Multi-Stage Training Strategy:
- Function: Properly schedules the startup sequence of each component to ensure training stability.
- Mechanism: Three stages are defined: (1) The first \(n^{initSim}=5000\) iterations focus solely on training on the source domain combined with source DINO alignment to learn the projection MLP; (2) Starting from 5,000 iterations, DINO alignment is performed simultaneously on both source and target domains, but without pseudo-labels; (3) Starting from \(n^{initPL}=20000\) iterations, training with DINO pseudo-labels is introduced. The total loss is formulated as \(\mathcal{L} = \mathcal{L}^{det}_S + \lambda^{unsup}\mathcal{L}^{det}_T + \lambda^{sim}\mathcal{L}^{sim}\), where \(\lambda^{unsup}=\lambda^{sim}=1\).
- Design Motivation: Establishing a solid feature foundation via domain alignment before introducing pseudo-label training prevents gradient interference from misaligned features in the early phase.
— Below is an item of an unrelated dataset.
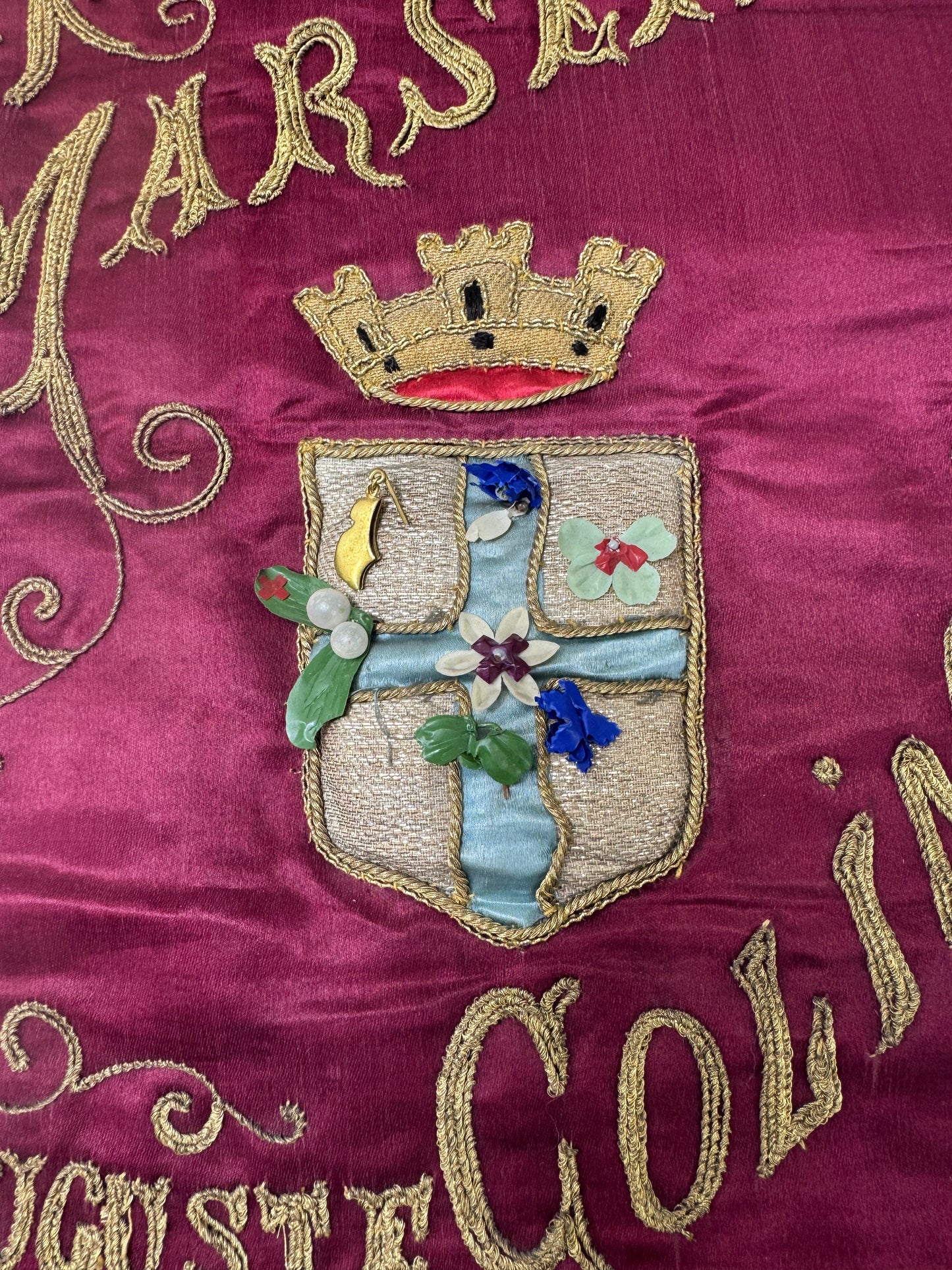 Antique 1899 Mi-Carême Marseille French Embroidered Silk Banner with Gold Metallic Thread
This differs from Adaptive Teacher which initiates both simultaneously, as early alignment reduces domain-wise gradient conflicts.

Loss & Training¶

Total loss = source domain detection loss \(\mathcal{L}^{det}_S\) (including RPN and RoI losses) + target domain pseudo-label detection loss \(\mathcal{L}^{det}_T\) + cosine similarity alignment loss \(\mathcal{L}^{sim}\). The learning rate for the VGG16 backbone is 0.04 without decay, with an EMA decay factor of \(\alpha=0.9996\), for a total of 60k iterations. A weak-strong data augmentation strategy is applied (weak augmentation for the teacher, strong for the student).

Key Experimental Results¶

Main Results¶

Dataset	Metric	Ours	Prev. SOTA	Gain
Cityscapes → BDD100k	mAP@50	47.8	40.2 (HT)	+7.6%
Cityscapes → Foggy CS	mAP@50	55.4	53.1 (REACT)	+2.3%
Cityscapes → ACDC-Fog	mAP@50	68.6	62.2 (AT)	+6.4%
Cityscapes → ACDC-Night	mAP@50	36.4	29.5 (AT)	+6.9%
Cityscapes → ACDC-Rain	mAP@50	39.0	37.7 (AT)	+1.3%
Cityscapes → ACDC-Snow	mAP@50	56.8	55.2 (AT)	+1.6%

The improvement is most pronounced on BDD100k, which has the largest domain gap, especially for rare classes like truck (+12.9%) and bus (+12.1%).

Ablation Study¶

Configuration	Label Source	Alignment Method	Pre-PL mAP	Final mAP
AT (Baseline)	Mean Teacher	\(\mathcal{L}^{dis}\)	28.5	31.8
Case 1	Mean Teacher	\(\mathcal{L}^{sim}\)	32.5	35.3
Case 2	DINO Labeller	\(\mathcal{L}^{dis}\)	28.5	46.8
DT (Full)	DINO Labeller	\(\mathcal{L}^{sim}\)	33.0	47.8

Key Findings¶

DINO pseudo-labels are the primary contributor: Regardless of the alignment method used, employing DINO labels yields a gain of over 10% (AT → Case 2: +15.0%, Case 1 → DT: +12.5%), far outpacing changes in the alignment method (AT → Case 1: +3.5%).
DINO alignment is effective before pseudo-labels are introduced: Prior to enabling pseudo-labels, DINO alignment improves mAP from 28.5 to 32.5-33.0, indicating that feature alignment is independent of label quality.
Rare classes show the greatest improvement: On BDD100k, truck improved from 31.4 to 44.3, bus from 34.6 to 45.9, and motor from 24.4 to 38.3, demonstrating that DINOv2 features provide better representations for rare categories.
t-SNE visualizations clearly reveal that after DINO alignment, the category separation in the student network increases significantly, notably reducing confusion between person and rider.

Highlights & Insights¶

Thorough execution of decoupling: Label generation is decoupled from student training (with the DINO labeller independent of the student), and domain alignment is decoupled from pseudo-labels (DINO alignment does not require labels). This systematic decoupling allows each component to be optimized independently, avoiding the fragile circular dependencies of Mean Teacher.
Foundation models empowering small models: While final inference relies solely on lightweight networks like VGG16/ResNet-50, domain adaptation is accomplished during the training phase by leveraging knowledge from DINOv2. Inference cost remains completely unchanged while performance is dramatically boosted, making it highly deployment-friendly.
Offline label generation: Pseudo-labels are generated in a single offline forward pass over the target domain data. After this step, the foundation model is no longer required during training, keeping training costs highly manageable.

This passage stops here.